Name parsing with PL/Perl
I have been working on a database cleanup task which required normalizing names of people into first and last names. Unfortunately, this is legacy data from many different databases where a single field is used for the entire name. The names appear in every conceivable order and variation, with lots of extraneous words and characters thrown in for extra fun.
Certainly I was not the first person faced with this task, so I searched for existing tools rather than start from scratch. I found commercial software to do this "starting at" $10,000. I hunted around a bit more and came across this Perl module for parsing names.

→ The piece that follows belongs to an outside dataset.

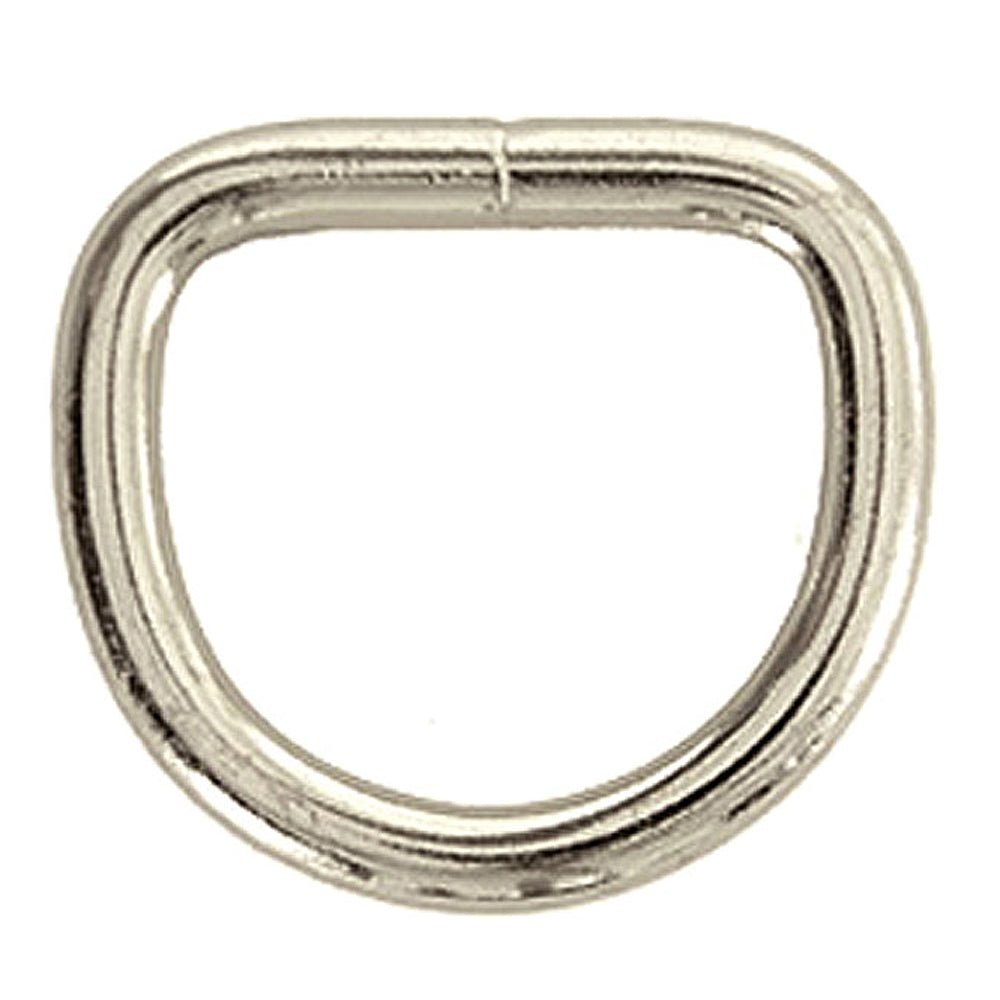 Hilason W. H. Tk. Welded Wire Dee Ring Nickel Plt. – Hilason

I have never written a single line of Perl in my life, but I thought I would give it a try. I was able to get the module installed via CPAN on OS X without too much trouble.
Next, I wanted to get it running in PostgreSQL so I could call the name parser in the database. I recompiled PostgreSQL using the --with-perl option and then installed PL/Perl in my database using the CREATE LANGUAGE command. I created a PL/Perl function based on examples from the module and was pleasantly surprised when everything worked on the first try. Here is the function I ended up with:
create type person_name as ( first_name text, last_name text, suffix text ); create or replace function parse_name(pname text) returns person_name as $perl$ my $name = $_SHARED{name_parser}; my $first = ''; my $last = ''; if(!$name) { use Lingua::EN::NameParse qw(clean case_surname); # optional configuration arguments my %args = ( # salutation => 'Dear', # sal_default => 'Friend', auto_clean => 1, force_case => 1, lc_prefix => 1, initials => 2, allow_reversed => 0, joint_names => 0, extended_titles => 0 ); $name = new Lingua::EN::NameParse(%args); $_SHARED{name_parser} = $name; } $error = $name->parse($_[0]); if ($name->{properties}{type} eq 'unknown') { return undef; } else { %comps = $name->case_components; $first = $comps{given_name_1}; if ($first && $comps{initials_1}) {$first = $first . ' ';} $first = $first . $comps{initials_1}; if ($first && $comps{initials_2}) {$first = $first . ' ';} $first = $first . $comps{initials_2}; $last = $comps{surname_1}; if ($last && $comps{surname_2}) {$last = $last . ' ';} $last = $last . $comps{surname_2}; return { first_name => $first, last_name => $last, suffix => $comps{suffix} }; } end; $perl$ language plperlu;
Unfortunately, the parser could not handle a lot of different cases in my data set, so in the end I gave up and wrote my own. But this was a good exercise for learning a bit of Perl and testing other languages inside of PostgreSQL. PL/Perl support for pgEdit may be in the works.